DIRECTIONS:
Copy exactly the line that contains "Papaya Tree with" plus all remaining lines of the data, and leave out every line before it.

DATA SHOWN:
___

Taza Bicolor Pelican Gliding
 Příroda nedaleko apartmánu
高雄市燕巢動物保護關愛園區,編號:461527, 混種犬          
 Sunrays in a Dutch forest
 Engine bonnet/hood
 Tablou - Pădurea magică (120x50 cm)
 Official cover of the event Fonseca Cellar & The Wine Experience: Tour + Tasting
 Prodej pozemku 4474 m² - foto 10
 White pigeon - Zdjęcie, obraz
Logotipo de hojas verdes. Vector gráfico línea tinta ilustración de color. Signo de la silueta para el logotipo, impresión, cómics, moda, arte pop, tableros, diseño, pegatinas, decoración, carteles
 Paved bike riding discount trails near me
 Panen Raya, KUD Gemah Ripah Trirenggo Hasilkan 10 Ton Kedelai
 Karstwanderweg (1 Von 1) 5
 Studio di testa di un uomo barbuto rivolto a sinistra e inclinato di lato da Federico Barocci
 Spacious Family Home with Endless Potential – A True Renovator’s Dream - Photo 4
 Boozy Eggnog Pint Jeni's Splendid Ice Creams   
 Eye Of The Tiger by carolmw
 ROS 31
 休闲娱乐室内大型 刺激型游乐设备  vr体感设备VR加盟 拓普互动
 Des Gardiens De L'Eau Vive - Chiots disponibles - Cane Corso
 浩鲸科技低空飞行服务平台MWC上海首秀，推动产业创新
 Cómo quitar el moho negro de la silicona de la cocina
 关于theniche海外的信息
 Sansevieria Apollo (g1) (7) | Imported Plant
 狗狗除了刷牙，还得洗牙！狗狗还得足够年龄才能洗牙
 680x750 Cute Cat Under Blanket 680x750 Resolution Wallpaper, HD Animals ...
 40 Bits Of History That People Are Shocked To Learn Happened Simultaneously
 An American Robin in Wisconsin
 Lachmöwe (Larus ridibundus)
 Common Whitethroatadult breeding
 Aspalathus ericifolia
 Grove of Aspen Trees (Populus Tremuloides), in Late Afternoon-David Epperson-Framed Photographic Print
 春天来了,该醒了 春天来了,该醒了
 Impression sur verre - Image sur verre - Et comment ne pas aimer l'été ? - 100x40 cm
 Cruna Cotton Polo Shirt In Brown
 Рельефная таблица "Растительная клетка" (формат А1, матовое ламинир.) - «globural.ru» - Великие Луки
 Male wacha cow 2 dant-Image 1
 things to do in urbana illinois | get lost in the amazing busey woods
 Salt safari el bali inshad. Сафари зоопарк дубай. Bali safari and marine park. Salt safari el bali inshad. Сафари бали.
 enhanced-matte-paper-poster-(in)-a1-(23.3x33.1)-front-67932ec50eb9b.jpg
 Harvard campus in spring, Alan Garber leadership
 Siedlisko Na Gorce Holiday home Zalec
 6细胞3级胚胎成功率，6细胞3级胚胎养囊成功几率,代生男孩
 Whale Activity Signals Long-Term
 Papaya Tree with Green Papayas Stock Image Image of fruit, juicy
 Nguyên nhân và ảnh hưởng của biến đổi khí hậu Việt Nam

___

EXPECTED ANSWER:
 Papaya Tree with Green Papayas Stock Image Image of fruit, juicy
 Nguyên nhân và ảnh hưởng của biến đổi khí hậu Việt Nam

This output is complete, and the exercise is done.